Die Namen der Anwendungen im Application Launcher wurden auf eine einheitliche Länge gekürzt – hovert der Anwender über eine Applikation, zeigt GNOME jeweils wieder den kompletten Namen der Anwendung an. Das verleiht dem Application Launcher eine einheitliche Erscheinung, ohne substanziell Funktionalität zu kürzen.

Zusätzlich zu den optischen Änderungen bringt GNOME 40 auch neue Funktionen im Hinblick auf die Steuerung des Desktops mit. Diese ergänzen zum Teil die stattgefundenen Funktionsänderungen. Wer etwa ein Touchpad hat, wischt mit Fingergesten zwischen den einzelnen Ansichten hin und her. Ein gleichzeitiges Wischen mit drei Fingern nach oben oder unten wechselt zwischen den Desktop-Modi (Aktivitätsanzeige / Application Launcher). Ein gleichzeitiges waagerechtes Wischen wechselt zwischen den Workspaces.

Ähnliche Abkürzungen gibt es für Tastatur-Fans: [Super]+[Alt]+[Pfeilnachoben] zeigt die Aktivitätsübersicht und bei erneutem Druck den Application Launcher an. [Super][Alt][Pfeilnachlinks/Pfeilnachrechts] navigiert in der Arbeitsflächen-Ansicht zwischen diesen.

Viele kleine Neuerungen gibt es auch bei den diversen Gnome-Anwendungen.
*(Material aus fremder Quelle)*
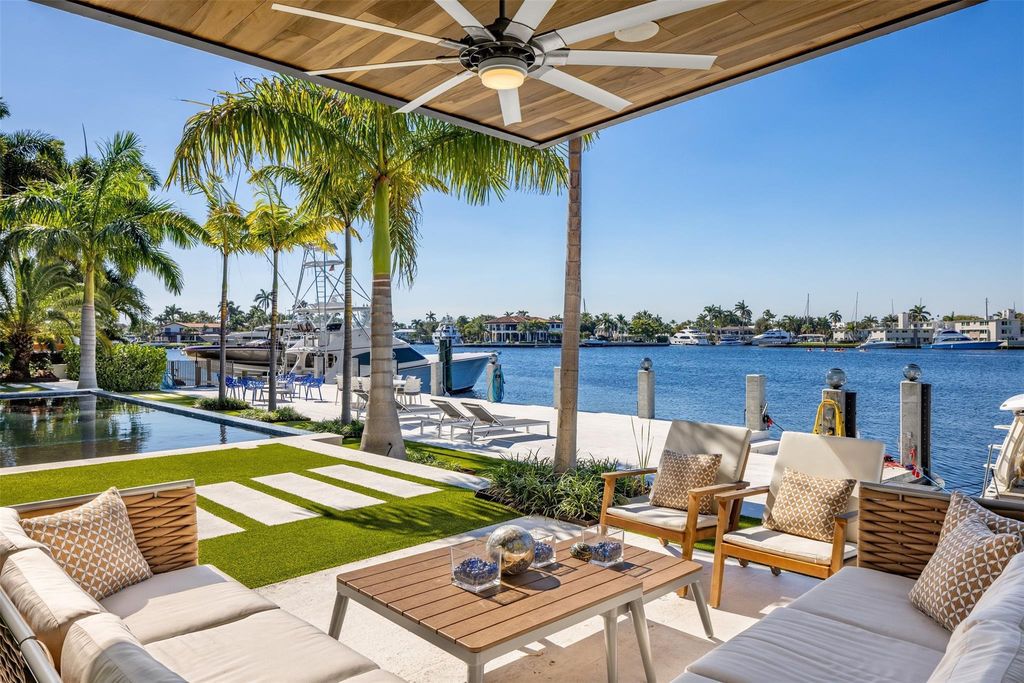Rebuilt in July 2023, this single-story smart home offers 5,073 square feet of sophisticated living space on a sprawling 15,300-square-foot lot with a 2,300-square-foot dock adorned with coral stone from Spain.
Die auch bei Nicht-Gnome-Fans sehr beliebte Wetter-Anwendung wurde in Gnome 40 überarbeitet. Sie kann für Standorte nun wahlweise eine genaue Vorhersage für die nächsten 48 Stunden oder eine Überblicksvorhersage für die kommenden neun Tage darstellen. Der Dateimanager Nautilus unterstützt nun mehr Parameter, anhand derer er Dateien in der Darstellung sortiert – so zum Beispiel die Erstellzeit.

Das Tool zum Konfigurieren der Netzwerkhardware eines Gerätes zeigt künftig WLAN-Netze ganz oben in der Liste an, mit denen man in der Vergangenheit bereits verbunden war. Was wie eine Lappalie klingt, spart bei jeder neuen Verbindung vor Ort zumindest ein paar Sekunden, denn schließlich muss man etwa beim Aufenthalt in Innenstädten und Co. künftig nicht erst Listen mit Dutzenden Netzen durchsuchen.
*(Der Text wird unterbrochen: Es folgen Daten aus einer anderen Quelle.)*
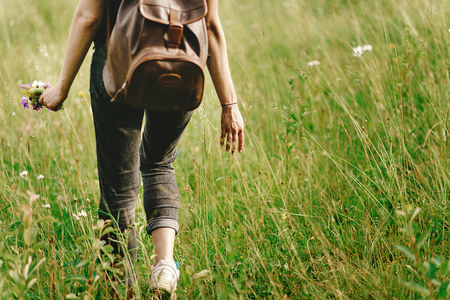stylish hipster woman walking in grass and holding  in hand herb  wildflowers  in summer mountains, travel concept, peaceful relaxing momentの写真素材
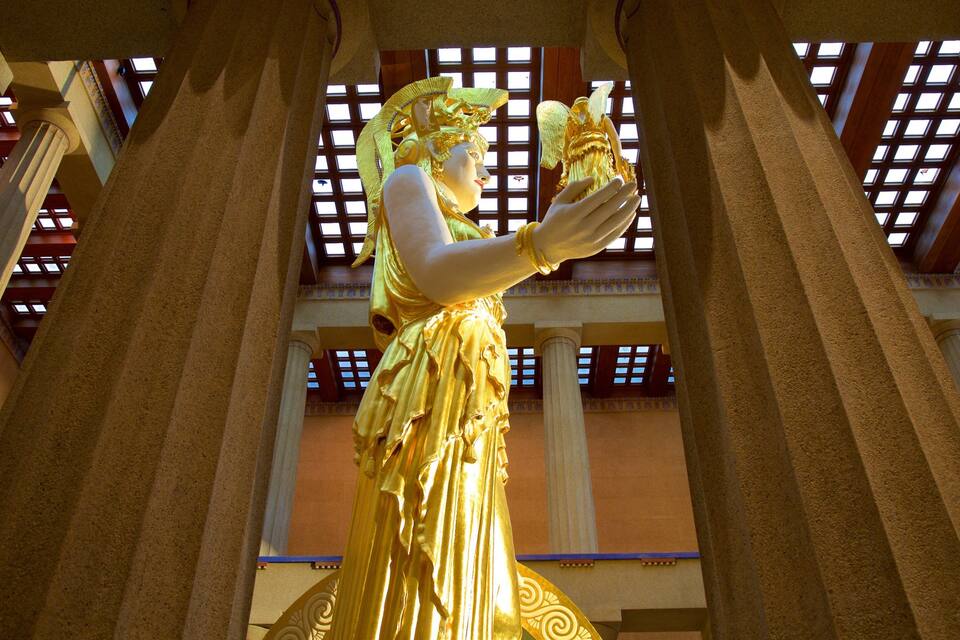 Una statua dorata in un contesto architettonico con colonne e finestre decorate.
Das Gnome-Software-Center zeigt jetzt weniger Benachrichtigungen an und weist auf besonders wichtige Updates – etwa solche mit Security-Hintergrund – explizit hin, statt durch die Bank alle Updates als "wichtig" zu markieren. So wollen die Entwickler Nutzer einerseits vor einer Flut an Update-Nachrichten schützen, denn moderne Desktop-Distributionen bekommen oft etliche Updates pro Tag. Andererseits sollen Nutzer so aber auch animiert werden, wirklich wichtige Updates zeitnah zu installieren, statt die Notifications angesichts der schieren Menge einfach komplett zu ignorieren.
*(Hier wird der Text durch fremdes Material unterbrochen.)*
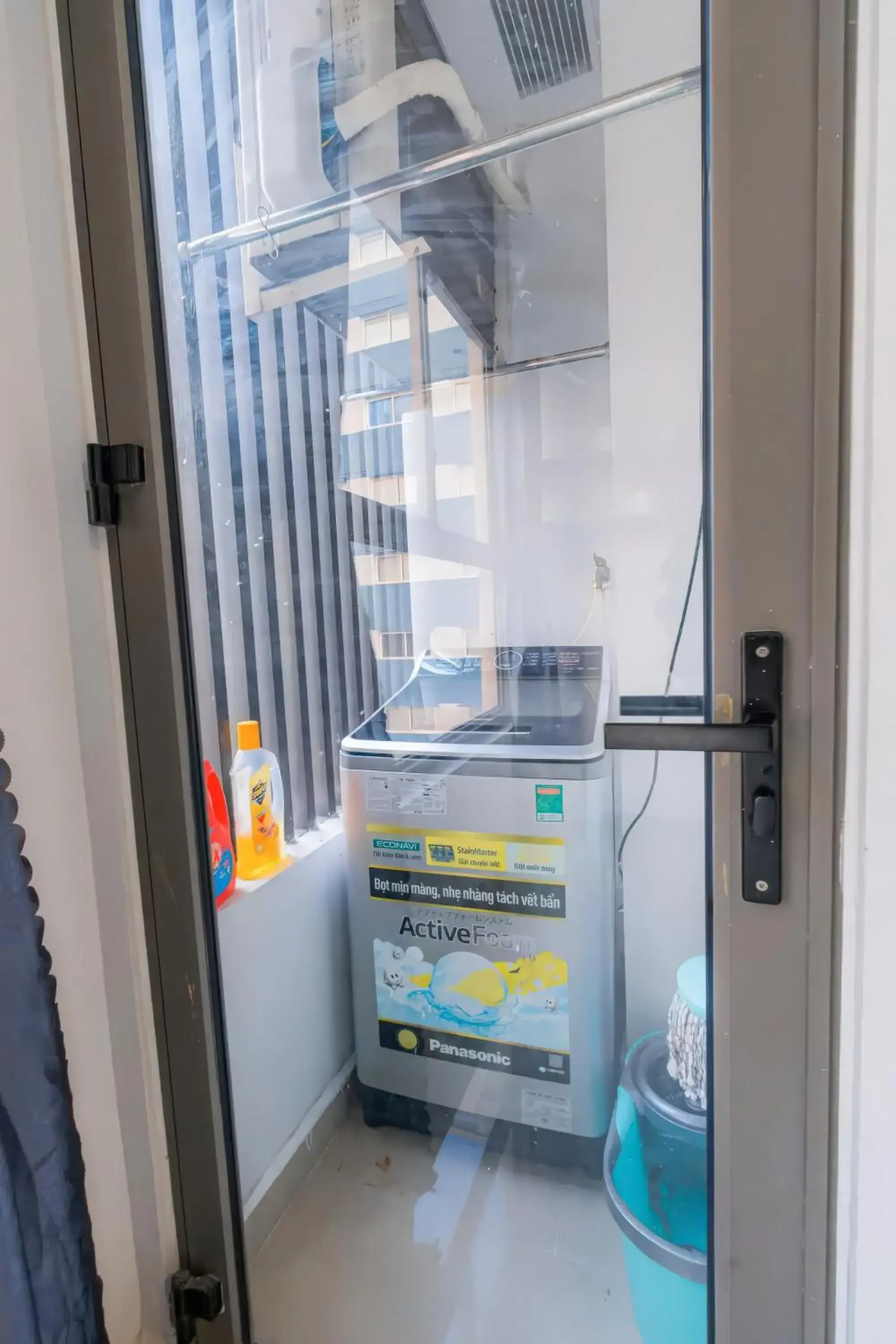 washing machine in Minute Suites - Botanica Orchard TSN Airport washing machine in Minute Suites - Botanica Orchard TSN Airport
Eine Wunsch-Änderung vieler Nutzer wartet auf der "Info"-Seite des Gnome-Einstellungsdialoges. Der zeigte bisher tatsächlich nur Details über die genutzte Gnome-Version an, verriet aber keine Informationen zu der verfügbaren Hardware. Wer einen schnellen Überblick über das System haben will, bekommt diesen in Gnome 40 endlich: Der Info-Dialog umfasst Hostnamen, verfügbaren RAM, CPU sowie die genutzte Grafikkarte und die Speicherkapazität.

Wer Lust bekommen hat, Gnome 40 auszuprobieren, muss dafür zumindest im Augenblick noch ein bisschen Arbeit in Kauf zunehmen – zumindest, wenn das Setup dauerhaft sein soll. Wer GNOME 40 nur mal schnell testen will, kann das mittels des Tools "GNOME Boxen" tun. Für die gängigen Desktop-Distributionen liegt Gnome 40 in paketierter Form Stand jetzt allerdings noch nicht vor. Zumindest inoffizielle Pakete dürften für openSUSE und Ubuntu 21.04 allerdings zeitnah erscheinen. Denn letzteres hätte ursprünglich sowieso mit Gnome 40 ausgeliefert werden sollen.

Die erste Desktop-Distribution mit offiziellem Gnome-40-Support dürfte Fedora 34 sein. In dessen Beta-Version lässt sich Gnome 40 unserem kurzen Test zufolge bereits nutzen – und später lässt sich das System auf ein vollwertiges Fedora 34 aktualisieren und weiterverwenden.

Update 25.03.21, 10:40: Textabschnitt zu den Gesten (Wischen mit drei Fingern) inhaltlich korrigiert. Danke für den Hinweis!